··· Exercise inputs

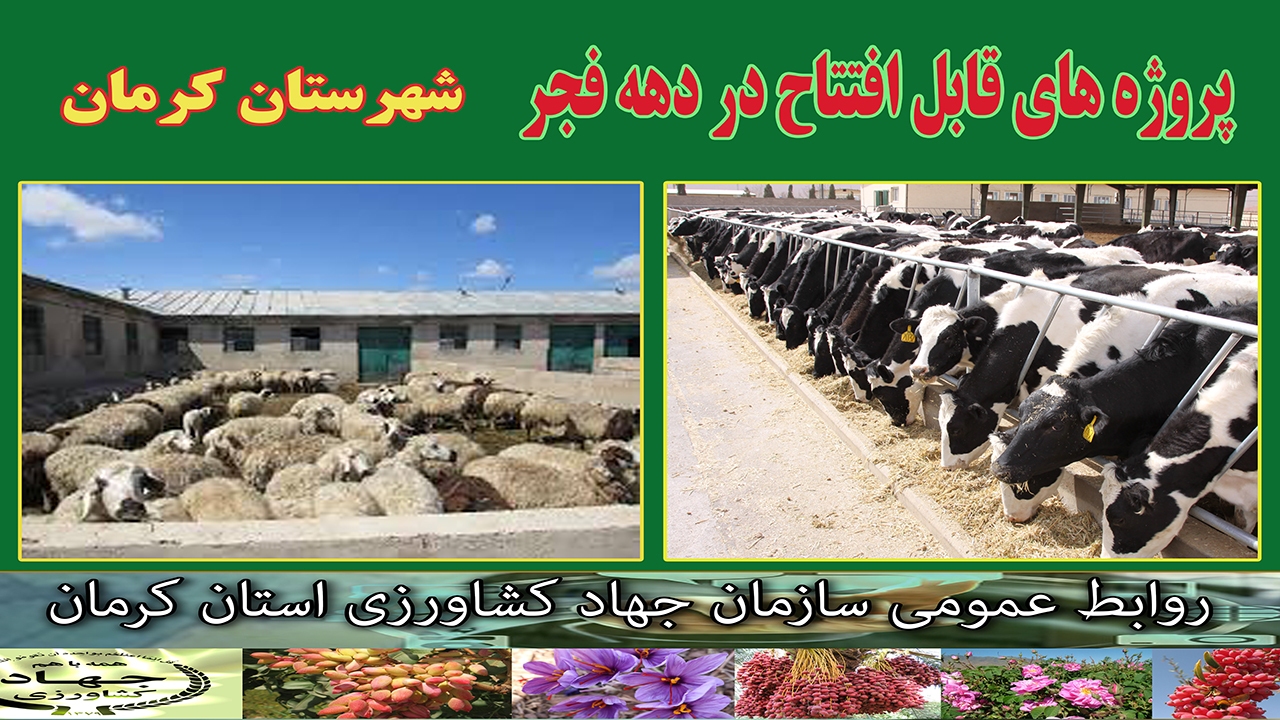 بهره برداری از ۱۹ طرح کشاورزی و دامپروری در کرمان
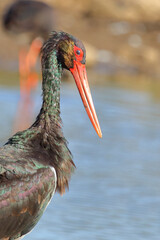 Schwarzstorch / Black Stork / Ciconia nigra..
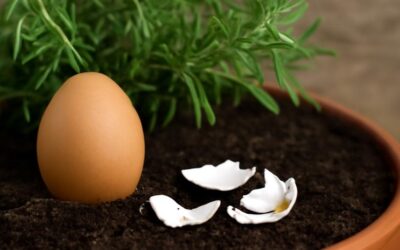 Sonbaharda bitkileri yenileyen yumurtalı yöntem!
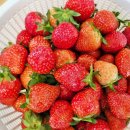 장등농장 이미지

······
··· Exercise inputs

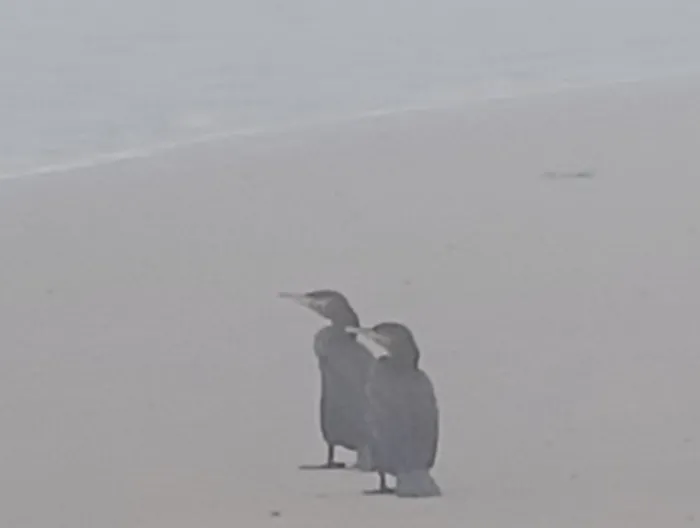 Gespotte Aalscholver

······
··· Exercise inputs

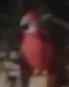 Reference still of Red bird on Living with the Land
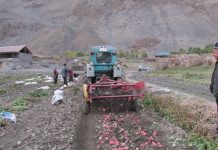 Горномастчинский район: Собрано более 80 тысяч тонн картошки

······

What you have to do -
The stretch above running from the line with "Reference still of" through the line with "Горномастчинский район: Собрано" is all you should copy, exactly, leaving out the pictures.

Response below -
 Reference still of Red bird on Living with the Land
 Горномастчинский район: Собрано более 80 тысяч тонн картошки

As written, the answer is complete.